Subject Something to think about...
Author Jim Starkey
A friend who follows NetBSD forwarded this to me. I thought it might be
interesting reading for Firebird.

> Date: Wed, 30 Aug 2006 19:27:23 -0400
> From: "Charles M. Hannum" <mycroft@...>
> To: netbsd-users@...
> Cc: freebsd-chat@..., misc@...
> Subject: The future of NetBSD
> Content-Type: text/plain; charset=us-ascii
> User-Agent: Mutt/1.5.9i
>
> The NetBSD Project has stagnated to the point of irrelevance. It has
> gotten to the point that being associated with the project is often
> more of a liability than an asset. I will attempt to explain how this
> happened, what the current state of affairs is, and what needs to be
> done to attempt to fix the situation.
>
> As one of the 4 originators of NetBSD, I am in a fairly unique position.
> I am the only one who has continuously participated and/or watched the
> project over its entire history. Many changes have taken place, and at
> the same time many things have remained the same -- including some of
> our early mistakes.
>
> I'd like to say that I'm some great visionary, who foresaw the whole OSS
> market, but the fact is that's BS. When we started the project, Linux
> and 386BSD were both little hobbyist systems, both pretty buggy, and
> both lacking a lot of important hardware support. Mostly we were
> scratching an itch: there was no complete package of 386BSD plus the
> necessary patches to make it run on more systems and fix bugs, and there
> was no sign that Bill Jolitz was going to resurface and do anything.
>
> Much of the project structure evolved because of problems we had early
> on.
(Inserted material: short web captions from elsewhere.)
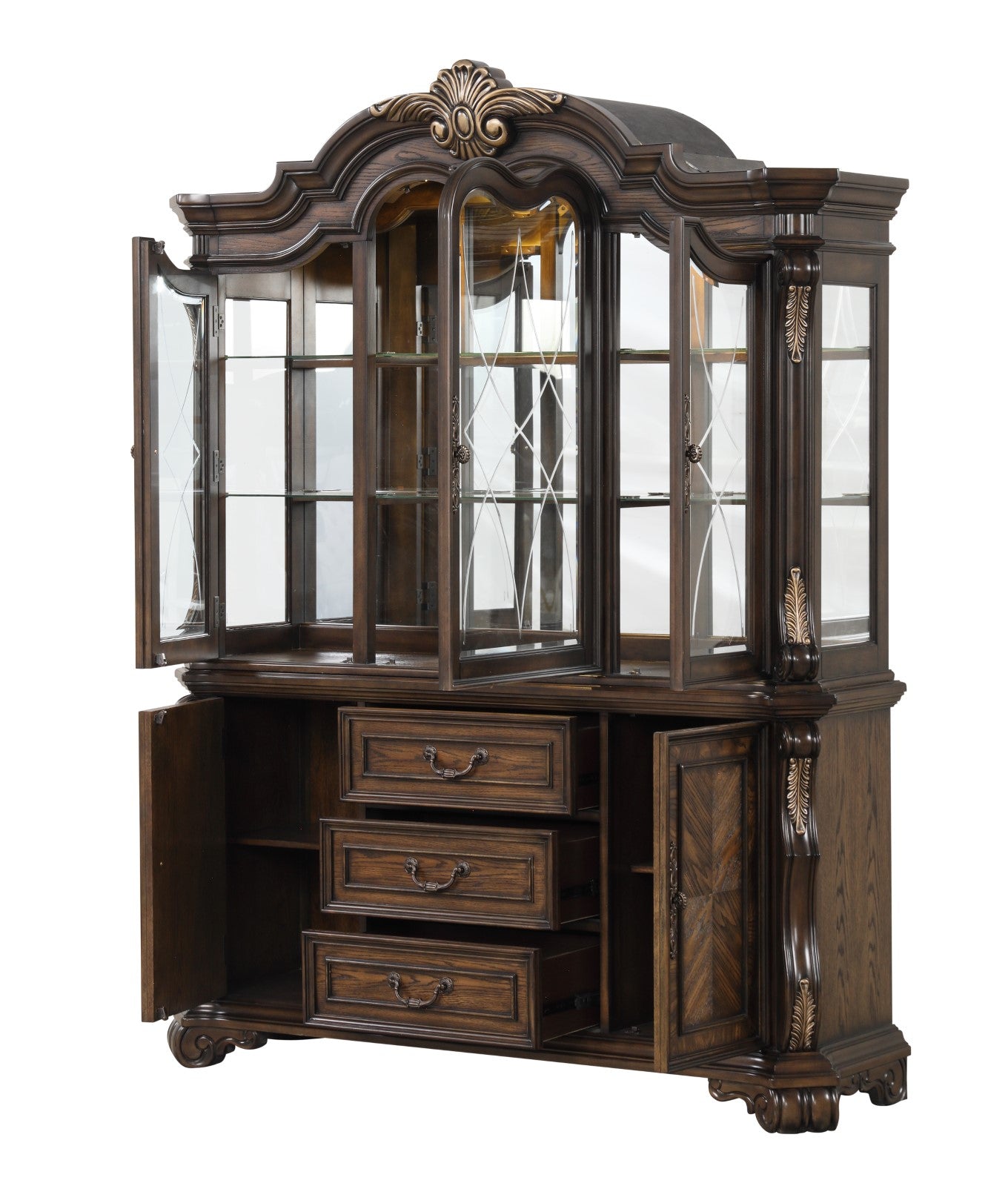 Leovanni Dark Brown Hutch Buffet - Ornate Home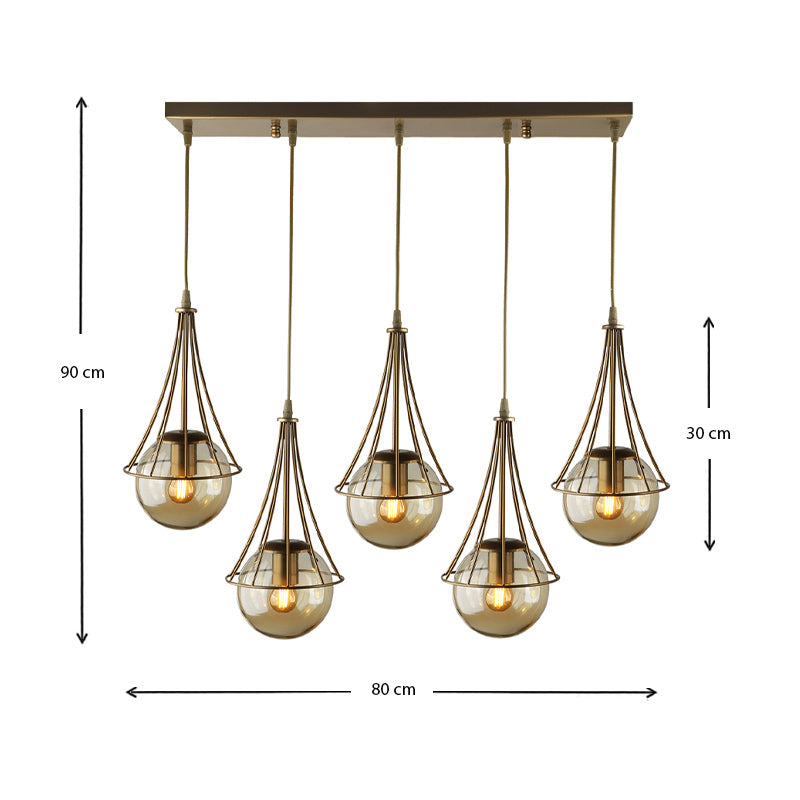 BELL Gold Ceiling Lamp with five E27 bulbs, dimensions 80x10x90cm, showcasing a luxurious metallic finish.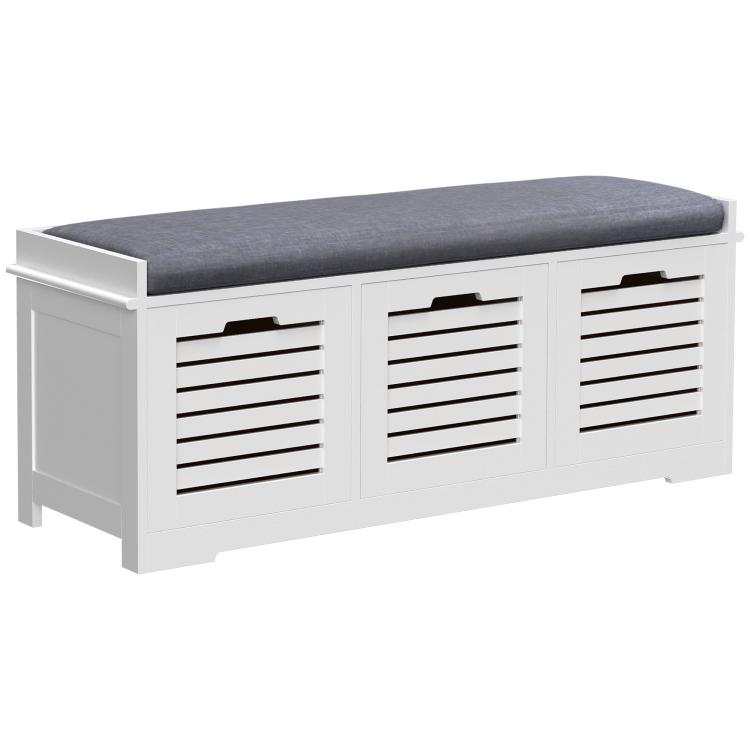 Picture of 3-Drawer Shoe Storage Bench - White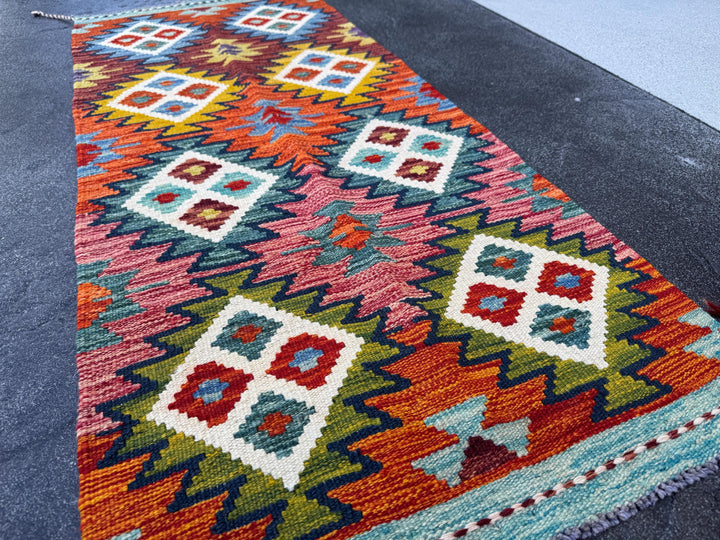 2x5 Handmade Afghan Kilim Runner Rug | Burnt Rust Orange Brick Red Teal Olive Moss Pine Green Ivory Cream Chocolate Brown Mustard Gold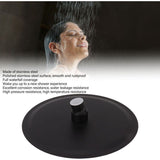 Ultra Thin Rainfall Shower Head, Fixed Rainfall Waterfall, Black Stainless Steel Round Shower Head, V1237-ZY-715-077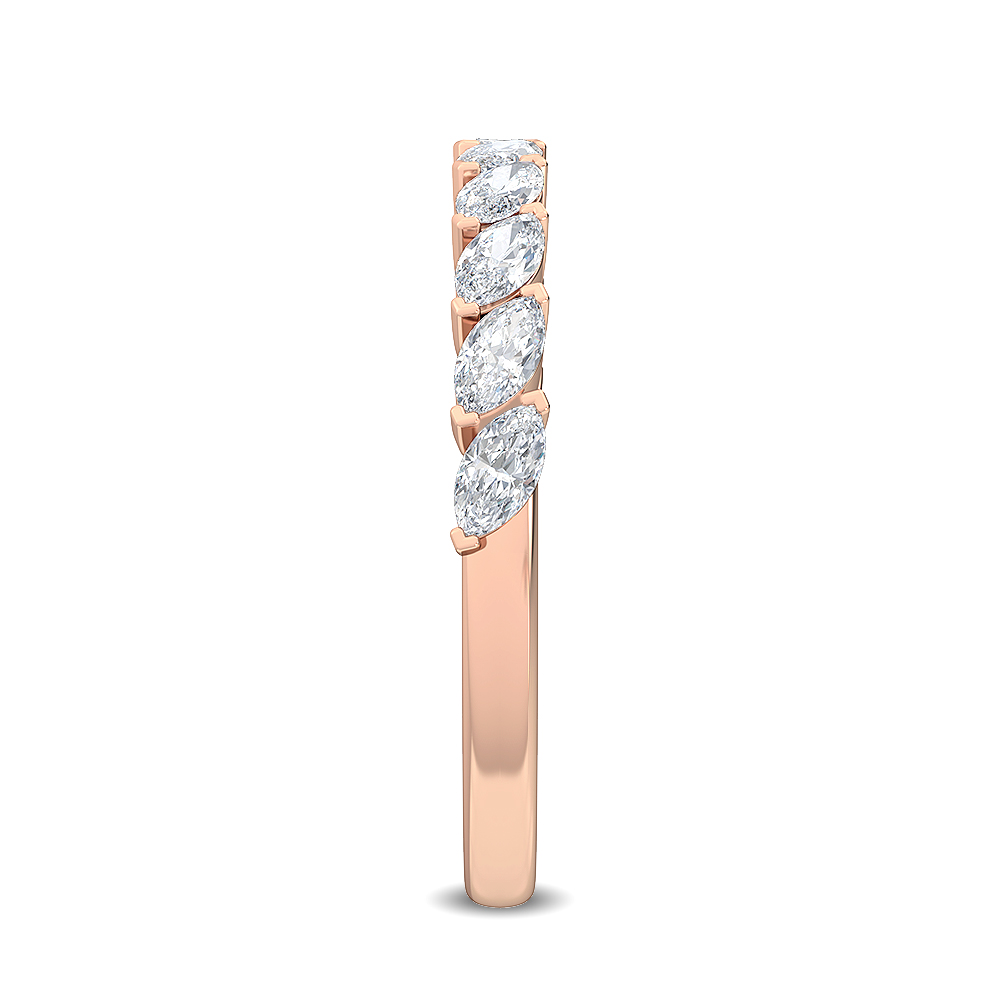 Petal Marquise Lengthwise, Marquise Tip-to-Tip Band in Rose Gold, marquise, studio photo, alternate view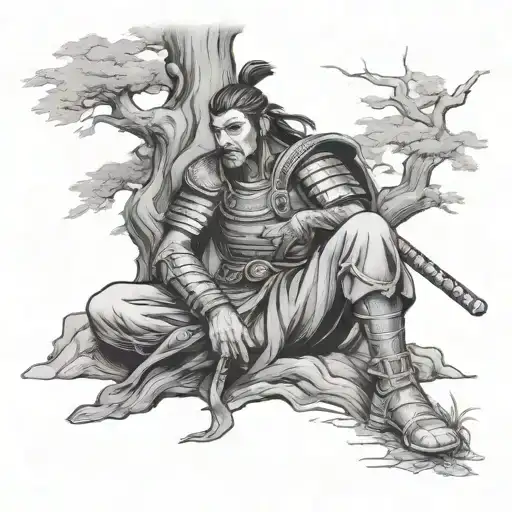 Japanese Warrior Resting Under Tree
Probably our best choice was to start using central version control
> right off; this has enabled a very wide view of the code history and
> (eventually) made remote collaboration with a large number of developers
> much easier. Some other things we fudged; e.g. Chris got tired of being
> the point man for everything, and was trying to graduate college, so we
> created an internal "cabal" for managing the project, which became known
> as the "core group". Although the web was very new, we set up a web
> site fairly early, to disseminate information about the project and our
> releases.
>
> Much of this early structure (CVS, web site, cabal, etc.) was copied
> verbatim by other open source (this term not being in wide use yet)
> projects -- even the form of the project name and the term "core". This
> later became a kind of standard template for starting up an open source
> project.
>
> Unfortunately, we made some mistakes here. As we've seen over the
> years, one of the great successes of Linux was that it had a strong
> leader, who set goals and directions, and was able to get people to do
> what he wanted -- or find someone else to do it. This latter part is
> also a key element; there was no sense that anyone else "owned" a piece
> of Linux (although de facto "ownership" has happened in some parts); if
> you didn't produce, Linus would use someone else's code. If you wanted
> people to use your stuff, you had to keep moving.
>
> NetBSD did not have this. Partly due to lack of people, and partly due
> to a more corporate mentality, projects were often "locked". One person
> would say they were working on a project, and everyone else would be
> told to refer to them. Often these projects stagnated, or never
> progressed at all. If they did, the motivators were often very slow.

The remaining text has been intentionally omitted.